--- START ---

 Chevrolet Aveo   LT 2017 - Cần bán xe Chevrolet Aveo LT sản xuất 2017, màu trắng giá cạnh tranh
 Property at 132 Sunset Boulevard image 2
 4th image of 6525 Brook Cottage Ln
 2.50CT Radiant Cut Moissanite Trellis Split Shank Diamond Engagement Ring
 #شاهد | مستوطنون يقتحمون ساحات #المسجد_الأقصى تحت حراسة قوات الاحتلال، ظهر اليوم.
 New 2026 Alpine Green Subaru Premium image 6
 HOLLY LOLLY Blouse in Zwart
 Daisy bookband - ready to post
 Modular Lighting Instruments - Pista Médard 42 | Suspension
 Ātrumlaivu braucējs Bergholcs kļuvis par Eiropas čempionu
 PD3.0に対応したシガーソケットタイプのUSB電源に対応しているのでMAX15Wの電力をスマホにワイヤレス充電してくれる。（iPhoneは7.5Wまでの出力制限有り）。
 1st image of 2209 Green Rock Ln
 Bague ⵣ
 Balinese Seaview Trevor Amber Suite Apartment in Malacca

--- END ---

- **Aim of the task**
All the data above should be restated in full, exactly.

- **Response**
 Chevrolet Aveo   LT 2017 - Cần bán xe Chevrolet Aveo LT sản xuất 2017, màu trắng giá cạnh tranh
 Property at 132 Sunset Boulevard image 2
 4th image of 6525 Brook Cottage Ln
 2.50CT Radiant Cut Moissanite Trellis Split Shank Diamond Engagement Ring
 #شاهد | مستوطنون يقتحمون ساحات #المسجد_الأقصى تحت حراسة قوات الاحتلال، ظهر اليوم.
 New 2026 Alpine Green Subaru Premium image 6
 HOLLY LOLLY Blouse in Zwart
 Daisy bookband - ready to post
 Modular Lighting Instruments - Pista Médard 42 | Suspension
 Ātrumlaivu braucējs Bergholcs kļuvis par Eiropas čempionu
 PD3.0に対応したシガーソケットタイプのUSB電源に対応しているのでMAX15Wの電力をスマホにワイヤレス充電してくれる。（iPhoneは7.5Wまでの出力制限有り）。
 1st image of 2209 Green Rock Ln
 Bague ⵣ
 Balinese Seaview Trevor Amber Suite Apartment in Malacca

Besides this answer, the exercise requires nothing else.